SUPPLIED MATERIAL:
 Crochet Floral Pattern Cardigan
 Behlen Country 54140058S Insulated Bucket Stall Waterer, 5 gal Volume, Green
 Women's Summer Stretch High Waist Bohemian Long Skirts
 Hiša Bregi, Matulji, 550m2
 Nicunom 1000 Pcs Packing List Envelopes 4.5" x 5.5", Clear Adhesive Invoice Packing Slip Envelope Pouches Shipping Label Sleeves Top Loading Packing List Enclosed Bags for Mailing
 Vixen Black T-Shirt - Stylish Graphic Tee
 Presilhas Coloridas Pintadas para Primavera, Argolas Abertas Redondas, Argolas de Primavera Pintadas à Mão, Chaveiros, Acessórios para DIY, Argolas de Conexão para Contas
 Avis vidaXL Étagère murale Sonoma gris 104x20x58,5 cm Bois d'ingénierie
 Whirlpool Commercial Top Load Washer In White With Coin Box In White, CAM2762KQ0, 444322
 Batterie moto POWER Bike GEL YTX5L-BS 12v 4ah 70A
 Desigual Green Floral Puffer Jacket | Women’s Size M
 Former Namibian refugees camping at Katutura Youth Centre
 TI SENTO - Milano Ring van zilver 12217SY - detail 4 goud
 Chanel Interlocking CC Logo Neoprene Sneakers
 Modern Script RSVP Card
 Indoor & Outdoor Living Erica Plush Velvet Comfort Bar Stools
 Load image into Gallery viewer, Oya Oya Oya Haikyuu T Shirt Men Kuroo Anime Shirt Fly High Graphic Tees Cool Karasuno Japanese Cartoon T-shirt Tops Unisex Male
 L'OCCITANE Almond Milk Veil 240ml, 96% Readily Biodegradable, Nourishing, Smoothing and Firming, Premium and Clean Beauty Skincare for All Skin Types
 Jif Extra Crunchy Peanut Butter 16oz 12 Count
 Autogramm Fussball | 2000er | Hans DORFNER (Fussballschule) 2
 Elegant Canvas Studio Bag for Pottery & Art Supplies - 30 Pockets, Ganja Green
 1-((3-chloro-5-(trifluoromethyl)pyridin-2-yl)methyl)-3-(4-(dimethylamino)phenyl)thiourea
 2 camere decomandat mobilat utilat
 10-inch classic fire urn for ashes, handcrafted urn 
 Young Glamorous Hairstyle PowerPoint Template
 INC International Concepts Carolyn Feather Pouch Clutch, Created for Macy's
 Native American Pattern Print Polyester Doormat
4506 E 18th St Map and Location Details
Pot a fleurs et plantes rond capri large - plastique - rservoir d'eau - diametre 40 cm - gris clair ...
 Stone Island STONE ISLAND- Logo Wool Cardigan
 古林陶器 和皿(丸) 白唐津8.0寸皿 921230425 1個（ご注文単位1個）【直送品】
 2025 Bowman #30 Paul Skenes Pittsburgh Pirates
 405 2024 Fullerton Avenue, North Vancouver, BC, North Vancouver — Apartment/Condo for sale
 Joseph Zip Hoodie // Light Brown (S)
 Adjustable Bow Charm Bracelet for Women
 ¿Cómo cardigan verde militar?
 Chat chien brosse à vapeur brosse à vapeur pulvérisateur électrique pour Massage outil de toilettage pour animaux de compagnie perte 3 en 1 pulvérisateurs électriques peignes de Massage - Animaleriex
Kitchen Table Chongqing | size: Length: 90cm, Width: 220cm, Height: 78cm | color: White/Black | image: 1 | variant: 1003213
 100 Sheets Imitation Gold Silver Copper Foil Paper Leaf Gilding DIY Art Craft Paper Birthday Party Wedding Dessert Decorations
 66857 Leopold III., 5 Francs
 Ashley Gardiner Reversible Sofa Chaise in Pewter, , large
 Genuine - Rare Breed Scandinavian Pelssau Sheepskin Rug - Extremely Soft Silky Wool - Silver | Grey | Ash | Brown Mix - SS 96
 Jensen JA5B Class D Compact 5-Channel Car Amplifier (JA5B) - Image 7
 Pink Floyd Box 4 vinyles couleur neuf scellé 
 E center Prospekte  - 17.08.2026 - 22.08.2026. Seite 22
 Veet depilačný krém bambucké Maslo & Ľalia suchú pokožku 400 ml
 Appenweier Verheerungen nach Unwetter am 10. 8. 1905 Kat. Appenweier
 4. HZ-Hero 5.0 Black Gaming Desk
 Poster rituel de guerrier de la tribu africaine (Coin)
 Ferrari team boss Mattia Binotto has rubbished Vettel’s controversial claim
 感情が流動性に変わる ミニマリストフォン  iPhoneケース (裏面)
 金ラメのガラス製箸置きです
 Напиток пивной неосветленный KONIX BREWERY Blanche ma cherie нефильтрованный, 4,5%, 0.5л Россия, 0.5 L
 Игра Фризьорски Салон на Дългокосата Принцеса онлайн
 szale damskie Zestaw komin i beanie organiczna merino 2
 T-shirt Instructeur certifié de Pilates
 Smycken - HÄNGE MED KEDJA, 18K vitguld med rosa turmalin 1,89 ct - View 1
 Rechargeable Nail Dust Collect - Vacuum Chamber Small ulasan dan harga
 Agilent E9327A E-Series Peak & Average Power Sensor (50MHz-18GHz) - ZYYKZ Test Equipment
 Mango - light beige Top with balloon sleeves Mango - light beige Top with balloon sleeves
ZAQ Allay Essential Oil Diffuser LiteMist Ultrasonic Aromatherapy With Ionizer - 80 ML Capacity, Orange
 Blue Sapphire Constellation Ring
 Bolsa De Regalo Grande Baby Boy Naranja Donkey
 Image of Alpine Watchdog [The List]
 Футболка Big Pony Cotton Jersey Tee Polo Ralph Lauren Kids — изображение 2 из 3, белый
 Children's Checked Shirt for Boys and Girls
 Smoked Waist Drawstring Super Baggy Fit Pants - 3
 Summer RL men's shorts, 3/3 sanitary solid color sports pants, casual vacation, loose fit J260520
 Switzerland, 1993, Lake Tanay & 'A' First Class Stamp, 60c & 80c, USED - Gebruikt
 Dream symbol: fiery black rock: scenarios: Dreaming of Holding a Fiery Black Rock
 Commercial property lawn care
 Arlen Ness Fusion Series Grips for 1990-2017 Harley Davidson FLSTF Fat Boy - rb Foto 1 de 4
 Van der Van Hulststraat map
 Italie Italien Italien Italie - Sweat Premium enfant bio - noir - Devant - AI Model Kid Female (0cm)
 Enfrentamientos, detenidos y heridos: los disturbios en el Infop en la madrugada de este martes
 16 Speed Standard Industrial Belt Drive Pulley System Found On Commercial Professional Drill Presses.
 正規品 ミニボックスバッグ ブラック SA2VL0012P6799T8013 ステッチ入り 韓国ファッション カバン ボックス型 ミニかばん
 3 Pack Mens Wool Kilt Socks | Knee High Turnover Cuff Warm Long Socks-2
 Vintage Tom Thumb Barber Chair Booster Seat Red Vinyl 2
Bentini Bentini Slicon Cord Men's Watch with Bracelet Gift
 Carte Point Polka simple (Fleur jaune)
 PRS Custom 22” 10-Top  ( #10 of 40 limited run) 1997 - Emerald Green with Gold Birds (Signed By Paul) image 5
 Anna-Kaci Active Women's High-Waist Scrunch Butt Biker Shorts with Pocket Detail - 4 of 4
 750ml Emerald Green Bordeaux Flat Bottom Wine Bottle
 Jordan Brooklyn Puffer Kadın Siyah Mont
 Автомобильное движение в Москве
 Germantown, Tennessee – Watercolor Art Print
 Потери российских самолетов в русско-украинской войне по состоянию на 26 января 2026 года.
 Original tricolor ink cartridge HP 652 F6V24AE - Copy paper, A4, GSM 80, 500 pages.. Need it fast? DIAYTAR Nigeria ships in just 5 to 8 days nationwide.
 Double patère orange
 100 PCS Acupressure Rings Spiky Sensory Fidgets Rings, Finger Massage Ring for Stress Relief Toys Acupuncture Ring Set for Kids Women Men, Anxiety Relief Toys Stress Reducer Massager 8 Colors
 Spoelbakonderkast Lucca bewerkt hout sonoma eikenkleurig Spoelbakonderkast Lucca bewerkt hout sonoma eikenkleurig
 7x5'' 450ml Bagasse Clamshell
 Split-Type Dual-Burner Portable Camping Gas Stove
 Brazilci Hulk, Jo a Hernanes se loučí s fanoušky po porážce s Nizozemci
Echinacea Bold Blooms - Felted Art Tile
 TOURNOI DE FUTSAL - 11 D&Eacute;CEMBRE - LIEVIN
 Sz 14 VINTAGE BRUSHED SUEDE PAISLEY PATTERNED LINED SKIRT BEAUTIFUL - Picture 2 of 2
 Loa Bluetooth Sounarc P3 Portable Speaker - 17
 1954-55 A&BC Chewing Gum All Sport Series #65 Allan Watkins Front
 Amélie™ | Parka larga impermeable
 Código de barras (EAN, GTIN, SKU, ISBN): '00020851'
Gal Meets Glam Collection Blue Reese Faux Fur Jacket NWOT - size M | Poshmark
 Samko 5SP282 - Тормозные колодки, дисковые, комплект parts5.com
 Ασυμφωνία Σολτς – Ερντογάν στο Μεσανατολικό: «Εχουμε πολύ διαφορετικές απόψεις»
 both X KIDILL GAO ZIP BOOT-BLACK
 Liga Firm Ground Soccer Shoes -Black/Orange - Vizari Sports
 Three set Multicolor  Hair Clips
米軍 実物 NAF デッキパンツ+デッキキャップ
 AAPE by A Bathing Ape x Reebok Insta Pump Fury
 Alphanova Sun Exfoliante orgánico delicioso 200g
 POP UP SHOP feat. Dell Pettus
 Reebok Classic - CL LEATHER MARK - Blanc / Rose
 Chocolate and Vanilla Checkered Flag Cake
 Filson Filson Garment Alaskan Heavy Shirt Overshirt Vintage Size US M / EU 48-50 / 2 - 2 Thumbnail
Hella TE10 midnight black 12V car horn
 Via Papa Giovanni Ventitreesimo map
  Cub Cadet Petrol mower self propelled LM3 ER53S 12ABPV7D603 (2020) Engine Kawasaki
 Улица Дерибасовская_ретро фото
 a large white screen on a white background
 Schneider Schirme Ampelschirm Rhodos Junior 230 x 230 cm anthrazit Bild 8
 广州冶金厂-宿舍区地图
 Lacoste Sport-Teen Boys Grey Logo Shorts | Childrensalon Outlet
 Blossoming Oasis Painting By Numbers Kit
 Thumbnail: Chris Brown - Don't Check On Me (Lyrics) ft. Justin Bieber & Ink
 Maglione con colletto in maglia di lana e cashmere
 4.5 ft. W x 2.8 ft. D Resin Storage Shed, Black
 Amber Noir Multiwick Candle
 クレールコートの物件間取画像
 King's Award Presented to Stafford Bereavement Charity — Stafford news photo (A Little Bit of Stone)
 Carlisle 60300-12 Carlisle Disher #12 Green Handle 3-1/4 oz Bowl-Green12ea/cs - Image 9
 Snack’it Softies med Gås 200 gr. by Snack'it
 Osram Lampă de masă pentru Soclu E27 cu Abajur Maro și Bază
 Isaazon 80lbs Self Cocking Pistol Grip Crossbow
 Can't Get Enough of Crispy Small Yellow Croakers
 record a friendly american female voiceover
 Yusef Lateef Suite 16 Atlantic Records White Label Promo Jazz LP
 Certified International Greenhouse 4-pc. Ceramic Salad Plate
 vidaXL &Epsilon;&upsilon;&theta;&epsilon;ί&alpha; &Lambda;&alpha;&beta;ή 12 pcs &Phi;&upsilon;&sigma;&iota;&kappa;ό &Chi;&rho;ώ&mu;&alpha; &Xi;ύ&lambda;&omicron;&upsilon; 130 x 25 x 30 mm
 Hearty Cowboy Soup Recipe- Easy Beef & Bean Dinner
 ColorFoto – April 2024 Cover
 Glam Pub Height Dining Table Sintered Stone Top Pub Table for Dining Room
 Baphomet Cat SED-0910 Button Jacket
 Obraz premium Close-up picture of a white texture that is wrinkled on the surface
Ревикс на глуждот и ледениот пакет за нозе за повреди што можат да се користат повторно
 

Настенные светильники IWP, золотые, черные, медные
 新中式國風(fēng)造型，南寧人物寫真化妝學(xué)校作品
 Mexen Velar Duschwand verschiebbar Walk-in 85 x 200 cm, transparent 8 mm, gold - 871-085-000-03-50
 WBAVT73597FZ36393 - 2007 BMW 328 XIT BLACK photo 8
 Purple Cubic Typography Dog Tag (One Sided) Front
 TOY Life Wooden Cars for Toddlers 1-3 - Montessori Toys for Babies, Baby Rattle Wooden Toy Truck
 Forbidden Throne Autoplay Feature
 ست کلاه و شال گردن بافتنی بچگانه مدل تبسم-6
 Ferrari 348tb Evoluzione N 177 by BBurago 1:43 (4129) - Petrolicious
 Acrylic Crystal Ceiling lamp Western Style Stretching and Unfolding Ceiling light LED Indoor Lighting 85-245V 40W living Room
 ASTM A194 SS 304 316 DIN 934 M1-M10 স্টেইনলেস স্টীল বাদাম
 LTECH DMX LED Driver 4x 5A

PROBLEM STATEMENT:
Please print, unchanged, the lines from the one holding "WBAVT73597FZ36393 - 2007" through the last line of the listing above, including both and omitting the rest.

SOLUTION FOR THIS TASK:
 WBAVT73597FZ36393 - 2007 BMW 328 XIT BLACK photo 8
 Purple Cubic Typography Dog Tag (One Sided) Front
 TOY Life Wooden Cars for Toddlers 1-3 - Montessori Toys for Babies, Baby Rattle Wooden Toy Truck
 Forbidden Throne Autoplay Feature
 ست کلاه و شال گردن بافتنی بچگانه مدل تبسم-6
 Ferrari 348tb Evoluzione N 177 by BBurago 1:43 (4129) - Petrolicious
 Acrylic Crystal Ceiling lamp Western Style Stretching and Unfolding Ceiling light LED Indoor Lighting 85-245V 40W living Room
 ASTM A194 SS 304 316 DIN 934 M1-M10 স্টেইনলেস স্টীল বাদাম
 LTECH DMX LED Driver 4x 5A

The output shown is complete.